Input Path Format Producer
Training features {features_dir}/{experiment_key}/fit.parquet Parquet cli run features
Scoring features {features_dir}/{experiment_key}/pred.parquet Parquet cli run features
Resolved config Set via COMMODITY_HINDCAST_CONFIG env var YAML Caller / Makefile
Reference yield series (WASDE, CONAB, …) Paths declared in config.reference_data[*].filepath Parquet / CSV External data pipeline
Raw input data (NASS, weather, climo) Paths declared as ResolvablePath fields on config Parquet / Zarr / CSV External sources

Outputs

All outputs land under a fresh timestamped run_dir: {config.run_dir_base}/{YYYYMMDD_HHMMSS}_{experiment_key}/

Output Path Format Consumer
Resolved config snapshot run_dir/config_resolved.yaml YAML Audit; ExperimentResult.from_run_dir
Fold model artefacts run_dir/models/{experiment_key}/{fold_label}/ Pickle / Parquet / JSON run_predict, forecast pipeline
Production model artefacts run_dir/models/{experiment_key}/production/ Pickle / Parquet / JSON Forecast pipeline
CV fold predictions run_dir/preds/{experiment_key}/{fold_label}/walk_forward_preds.parquet Parquet postprocess, deliver, evaluate
Consolidated train predictions run_dir/preds/{experiment_key}/train_preds.parquet Parquet postprocess (in-sample conformal)
Included county set run_dir/included_geo_identifiers.txt Text run_predict, postprocess
Conformal calibration sidecars run_dir/conformal/{mode}.parquet Parquet Forecast pipeline, delivery
Per-fold bias correctors run_dir/preds/{experiment_key}/{fold_label}/bias_corrector.pkl Pickle deliver, evaluate
National postprocessed frame run_dir/postprocessed/national.parquet Parquet deliver, dashboard
Metrics artefacts run_dir/reports/metrics_table.csv, stage5_metrics*.txt CSV / Text Stakeholder review
Diagnostic plots run_dir/reports/*.png, run_dir/reports/hindcast/*.png PNG Stakeholder review
Delivery CSVs run_dir/delivery/Treefera_{key}_{ADM}_Hindcast_{YYYYMMDD}.csv CSV QUBE / client

Step-by-step flow

  1. Config resolution_prepare_config(config_path) (run_hindcast.py:64) resolves the config path, sets COMMODITY_HINDCAST_CONFIG in the environment, and constructs the ExperimentConfig via Pydantic.

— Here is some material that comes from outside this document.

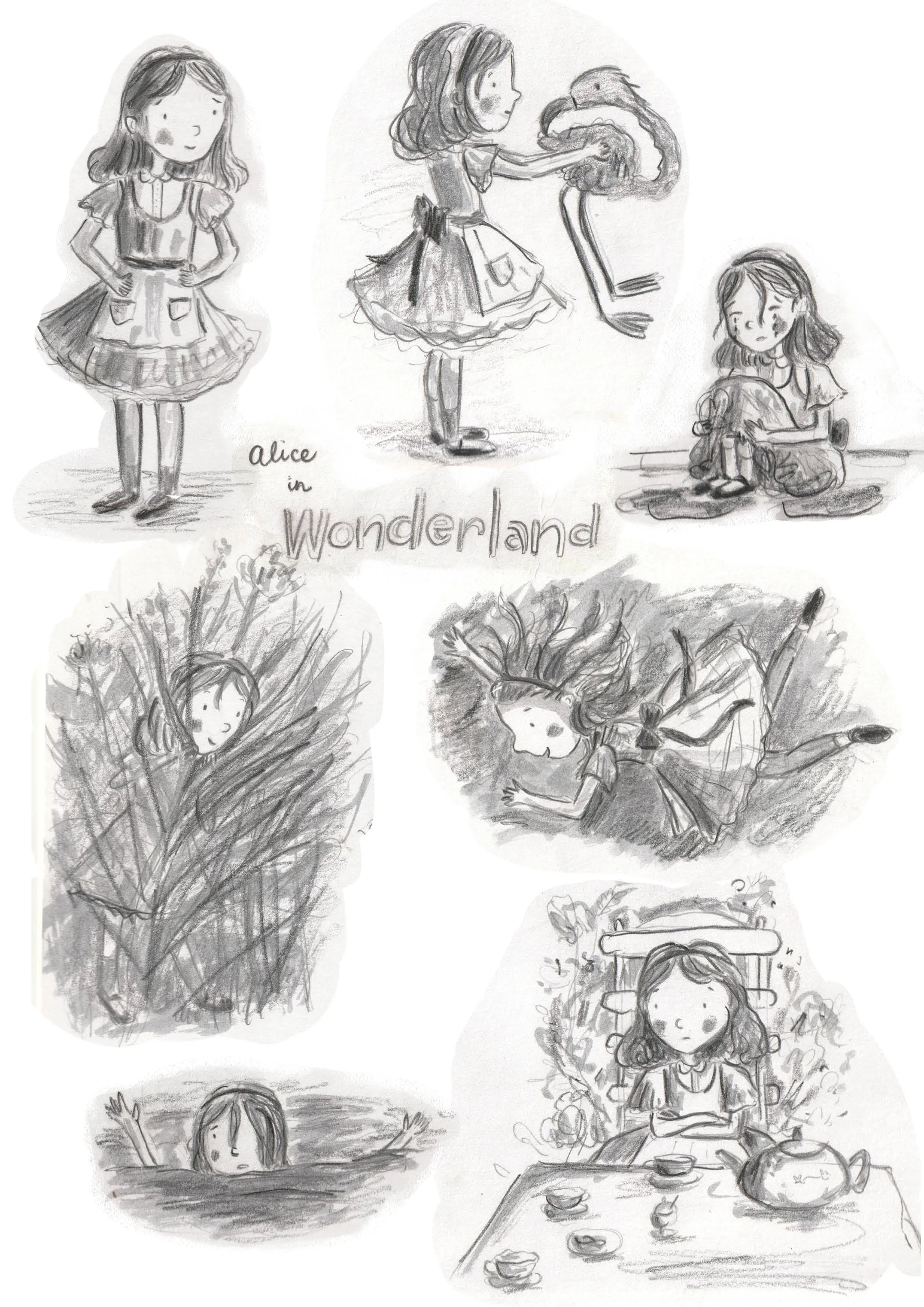 Alice in Wonderland Joanna Bartel.jpg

  2. Preflightrun_preflight(preflight_paths_for_hindcast(config)) (run_hindcast.py:201) checks that fit.parquet and pred.parquet exist plus all ResolvablePath fields declared on the config. Halts with SystemExit on the first missing path. See pipeline: preflight for detail.

  3. Run root creation_create_run_root(config) (run_hindcast.py:77) creates the timestamped directory, rewrites config.models_dir and config.preds_dir into it, and writes config_resolved.yaml.

  4. MLflow contextprepare_hindcast_mlflow and hindcast_mlflow_run open a tracking context that logs params and artefacts for the entire run.

  5. Load and preprocess_load_and_preprocess(config) (run_hindcast.py:101) reads fit.parquet and pred.parquet, calls preprocess_data (column guard and state-name enrichment), and applies select_by_production to restrict both frames to the top counties by recent production. Reference yield series are loaded via build_references_by_harvest_year.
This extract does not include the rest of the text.